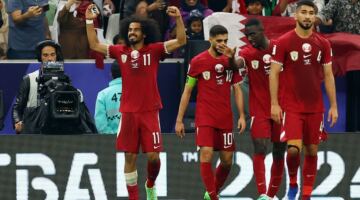 قائمة منتخب قطر لكأس العالم 2026
                                                
                                                
                                                    25/05/2026 11:24 م
                                                
                                                
                                                    أعلن خولين لوبتيجي، المدير الفني لمنتخب قطر، قائمة العنابي، استعدادا لخوض منافسات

The problem: Write out all the material above exactly, with no image carried over.

Completed exercise:
 قائمة منتخب قطر لكأس العالم 2026
                                                
                                                
                                                    25/05/2026 11:24 م
                                                
                                                
                                                    أعلن خولين لوبتيجي، المدير الفني لمنتخب قطر، قائمة العنابي، استعدادا لخوض منافسات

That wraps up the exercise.